Tags:
meeting1Add my vote for this tag SwissGridOperationsMeeting1Add my vote for this tag create new tag
view all tags

Swiss Grid Operations Meeting on 2014-05-13

Agenda

Status

  • CSCS (reports Miguel):
    • Operations:
      • Upgraded to the latest ARC CE release of 4.1, surprisingly painless
      • Summary of operations to be carried on our upcoming next maintenance (19.05.2014):
        1. Add index to job table in slurm db for start time possibly a multicolumn index of starttime, end time
        2. Install iPXE oproms on IB HCAs
        3. Upgrade dCache to the latest 2.6.x release an restart everywhere for xrootd plugin to take affect
        4. Upgrade CVMFS 2.1.17 to enable logging of when inode limit is reached for CVMFS.
        5. Update slurm.conf with less precise memory value for compute nodes + PAM
        6. Change runtimedir="/experiment_software/atlas/nordugrid/runtime" in arc.conf. This includes moving the data to a directory on the NAS
        7. Remove old unmanaged IB switch + old Sun X4140 named xen01 from rack #4
        8. Mount replaced IB switch on rails
        9. Prepare configuration for polyinstantiated /tmp on all WNs (http://wiki.chipp.ch/twiki/bin/view/LCGTier2/SiteSpecificModifications#Polyinstantiated_tmp_on_WNs). Enable it on only a few to test (~5)
        10. cvmfs1 does not have its cache dir on a seperate volume group like cvmfs, this should be corrected
    • Issues:
      • New WN seem to be hitting ATLAS CMVFS issue http://indico.cern.ch/event/289284/material/slides/0?contribId=0 Plan to upgrade to latest CVMFS release which will log an event for this and incorporate into blackhole detection.
      • dCache issue on Monday, numerous strange errors root cause was low free space (pools were not 100% full). Have tweaked monitoring to alert on this earlier, looking into wider range of checks.
  • PSI (reports Fabio):
  • UNIBE-LHEP (reports Gianfranco):
    • Production operations
      • Stable again with no downtime last month
      • However: EGI ops availability/reliability 33% due to probe org.sam.SRM-GetSURLs-/ops/NGI/Germany failing (causing all the other SRM probes to go into Unknown state). The problem self-resolved on 2nd May (no changes on the SE). Waiting for feedback, we might want to request availability/reliability re-calculation (tracked at https://ggus.eu/index.php?mode=ticket_info&ticket_id=104765 )

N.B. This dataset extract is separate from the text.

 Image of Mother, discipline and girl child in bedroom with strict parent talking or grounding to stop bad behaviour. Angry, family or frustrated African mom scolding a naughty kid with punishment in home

      • GLUE2 Validator Warnings were ticketed (Ref: https://xgus.ggus.eu/ngi_ch/?mode=ticket_info&ticket_id=314). Turned out to be a minor ARC infosys bug, corrected by patching SGEmod.pm
      • Critical DPM vulnerability in dmlite-libs (from EPEL only) announced yesterday: required upgrade from 0.6.2-1 to 0.6.2-2 and restart of services (performed yesterday).
    • ATLAS specific operations
      • ARC upgraded to 4.1.0-1.el6 from 4.0.0-1.el6 on ce01,2,3. Needed as ATLAS ops moved to Rucio as DDM tool (namely yesterday), making the previous version of ARC obsolete.

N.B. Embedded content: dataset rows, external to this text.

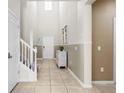 Bright entryway with high ceilings, neutral tones, tile flooring, and a staircase at 2161 Lelani Cir, Davenport, FL 33897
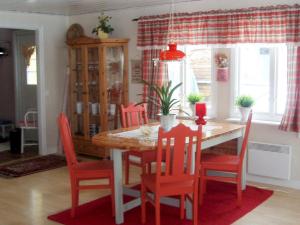a dining room with a table and red chairs at Three-Bedroom Holiday home in Skå in Ekerö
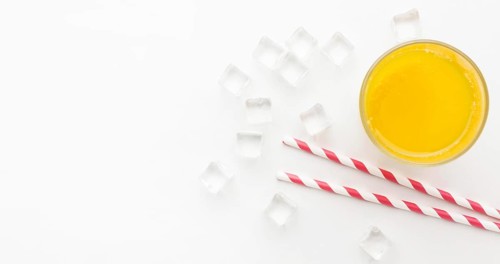 Top view orange juice glass with straws copy space 1. Resolution and high quality beautiful photo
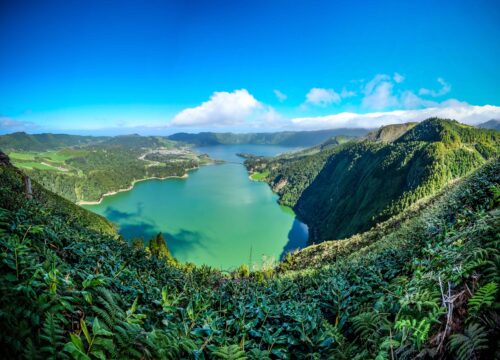 A mesmerizing view of the lake surrounded by mountains covered in green under the blue sky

      • ATLASSCATCHDISK token deployed. With the New ATLAS ARC Control Tower, jobs will be able to use the local SE at the site and FAX as opposed to working exclusively with the remote T1 SE at NDGF.
      • FAX setup partially broken. Due to a host certificate problem on one of the disk servers since the Heartableed certificate campaign. New certificate requested yesterday, not yet released.
    • Accounting
      • Established that some unquantified number of records were lost during last summer as a consequence of SGAS misbehaviour and corrupted backup of our CE's records after their re-installation
      • Backlogs of usage records on ce01 and ce02 had to be manually sent into SGAS. Injection to SGAS was failing due to some records being too large, causing the ur-logger-registration to fail. Identified and moved away all records >50kB (some were tens of MB large!!) and pushed all records by hand to SGAS (over 200k records)

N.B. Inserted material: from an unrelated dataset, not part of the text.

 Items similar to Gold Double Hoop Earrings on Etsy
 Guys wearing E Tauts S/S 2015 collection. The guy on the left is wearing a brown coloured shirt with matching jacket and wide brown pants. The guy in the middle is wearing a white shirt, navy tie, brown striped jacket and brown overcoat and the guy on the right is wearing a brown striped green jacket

      • Switched off ur-logger and enabled Jura to send records to SGAS. Some hiccups at the beginning: published records not being archived as requested in the jobreport_options, then it started working all of a sudden (on ce01, ce02)
      • Added a jobreport_option to send the same records to APEL test servers as well. This worked straight away (on ce01, ce02)
      • Attempted to validate published numbers by cross-checking numbers in http://goc-accounting.grid-support.ac.uk/apeltest2/jobs.html with those painfully extracted from the archived records. Did not get a sensible conclusion (numbers on that portal are updated with some unpredictable delay), but figures on portal always greater that what cooked up from the archived records.
      • Last Friday decided to open a GGUS tkt in order to perform the switch to APEL production servers, however realised that since the ARC upgrade to 4.1.0, Jura stopped working (!): all Jura created records stay in <sessiondir>/jobstatus/logs. When triggered by hand, the publishing and archiving works, but only of some of the latest records. Ongoing effort...
    • Procurement
      • Took delivery of 6 36-disk servers (for the new Lustre deployment on ce01, replacing the Thumpers). Delay in setting them up due to lack of time yet.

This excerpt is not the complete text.